La sera del 6 luglio la CGIL reggiana proclamò lo sciopero cittadino di protesta contro le violenze dei giorni precedenti. La prefettura proibì gli assembramenti nei luoghi pubblici e concesse unicamente i 600 posti della Sala Verdi per lo svolgimento del comizio.
L’indomani il corteo di protesta era composto da circa 20.000 manifestanti. Un gruppo di circa 300 operai delle Officine Meccaniche Reggiane decise quindi di raccogliersi davanti al monumento ai Caduti, cantando canzoni di protesta.
Alle 16.45 del pomeriggio una carica di un reparto di 350 poliziotti, al comando del vice-questore Giulio Cafari Panico, investe la manifestazione pacifica. Anche i carabinieri partecipano alla carica. Incalzati dalle camionette, dai getti d’acqua e dai lacrimogeni, i manifestanti cercano rifugio nel vicino isolato San Rocco, per poi barricarsi letteralmente dietro ogni sorta di oggetto trovato, seggiole, assi di legno, tavoli dei bar e rispondendo alle cariche con lancio di oggetti. Respinte dalla disperata resistenza dei manifestanti, le forze dell’ordine impugnano le armi da fuoco e cominciano a sparare.
Sul selciato della piazza caddono Lauro Farioli (1938), operaio di 22 anni, orfano di padre, sposato e padre di un bambino. Ovidio Franchi (1941), operaio di 19 anni, il più giovane dei caduti. Marino Serri (1919), pastore di 41 anni, partigiano della 76a, primo di sei fratelli. Afro Tondelli (1924), operaio di 36 anni, partigiano della 76a SAP, è il quinto di otto fratelli.
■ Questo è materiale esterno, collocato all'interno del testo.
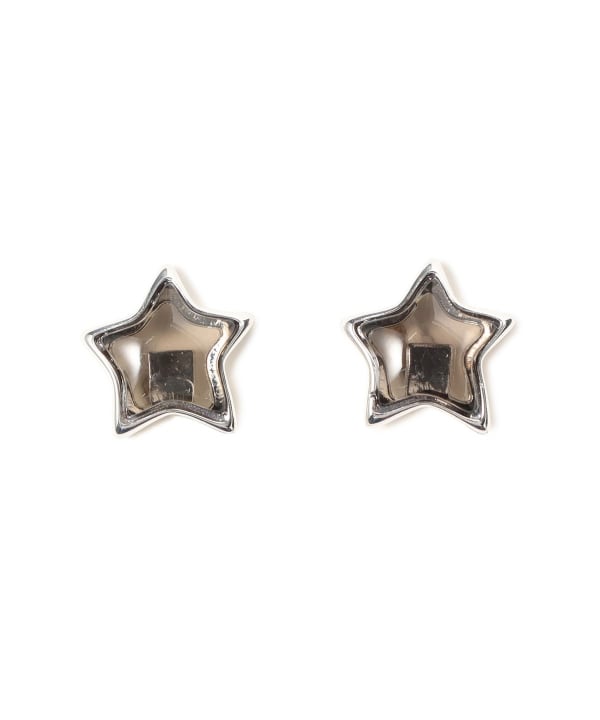 独特の上品 BEAMS HEART（ビームス ハート）クリアスター イヤリング アクセサリー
Emilio Reverberi (1921), operaio di 39 anni, partigiano nella 144a Brigata Garibaldi, era commissario politico nel distaccamento “G. Amendola”.
Furono sparati 182 colpi di mitra, 14 di moschetto e 39 di pistola e una guardia di PS dichiarò di aver perduto 7 colpi di pistola.
Sedici furono i feriti “ufficiali”, ovvero quelli portati in ospedale perché ritenuti in pericolo di vita, ma molti altri preferirono curarsi “clandestinamente”, allo scopo di non farsi identificare.